US 12,462,460 B2
Photorealistic talking faces from audio
Vivek Kwatra, Saratoga, CA (US); Christian Frueh, Mountain View, CA (US); Avisek Lahiri, West Bengal (IN); and John Lewis, Mountain View, CA (US)
Assigned to GOOGLE LLC, Mountain View, CA (US)
Filed by Google LLC, Mountain View, CA (US)
Filed on Jun. 5, 2024, as Appl. No. 18/734,327.
Application 18/734,327 is a continuation of application No. 17/796,399, granted, now 12,033,259, previously published as PCT/US2021/015698, filed on Jan. 29, 2021.
Claims priority of provisional application 62/967,335, filed on Jan. 29, 2020.
Prior Publication US 2024/0320892 A1, Sep. 26, 2024
Int. Cl. G06T 13/20 (2011.01); G06T 13/40 (2011.01); G06T 17/20 (2006.01)

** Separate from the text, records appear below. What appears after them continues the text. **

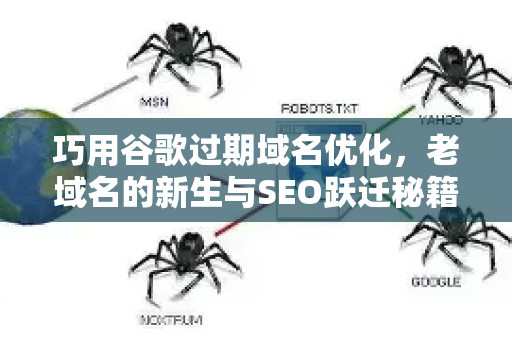 巧用谷歌过期域名优化，老域名的新生与SEO跃迁秘籍-第1张图片-星博讯-专业SEO_网站优化技巧_搜索引擎排名提升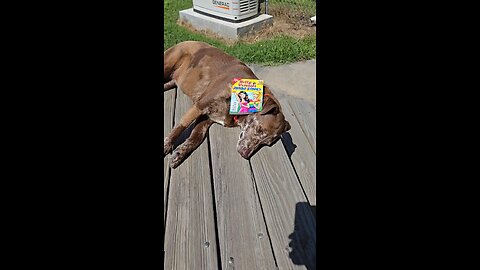 Betty and Veronica Jumbo Comics Digest No. 312 May 2023 Archie Comic Publications, Inc.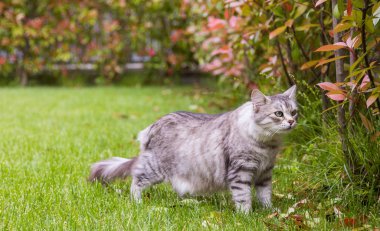 Bir bahçede uzun saçlı güzel kedi, Sibirya safkan kedi yavrusu
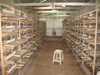 quail cage2.jpg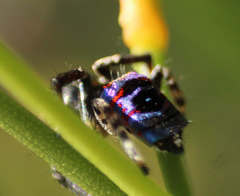 Maratus karrie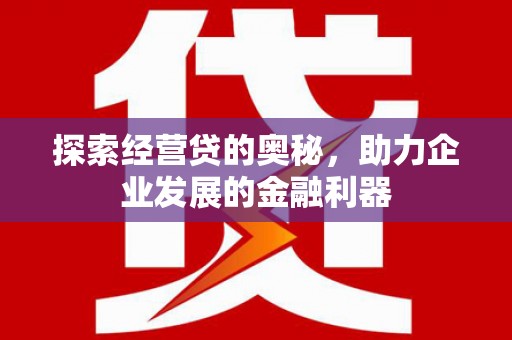 芬园探索经营贷的奥秘，助力企业发展的金融利器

CPC G06T 13/205 (2013.01) [G06T 13/40 (2013.01); G06T 17/20 (2013.01)] 20 Claims
OG exemplary drawing
 
1. A computing system to generate a talking face from an audio signal, the computing system comprising:
one or more processors; and
one or more non-transitory computer-readable media that collectively store instructions that, when executed by the one or more processors, cause the computing system to perform operations, the operations comprising:
obtaining audio data descriptive audio signals comprising speech;
processing the audio data with a machine-learned face geometry prediction model to predict a set of face geometries based on the audio data, wherein the machine-learned face geometry prediction model was trained to predict three-dimensional face geometries based on data descriptive of input audio signals comprising speech;
processing the audio data with a machine-learned face texture prediction model to predict a set of face textures based on the audio data, wherein the machine-learned face texture prediction model was trained to predict two-dimensional face textures based on data descriptive of input audio signals comprising speech; and
generating a synthesized video based on the audio data, the set of face geometries, and the set of face textures, wherein the synthesized video comprises a face performing movements associated with the speech of the audio data based on the set of face geometries and the set of face textures.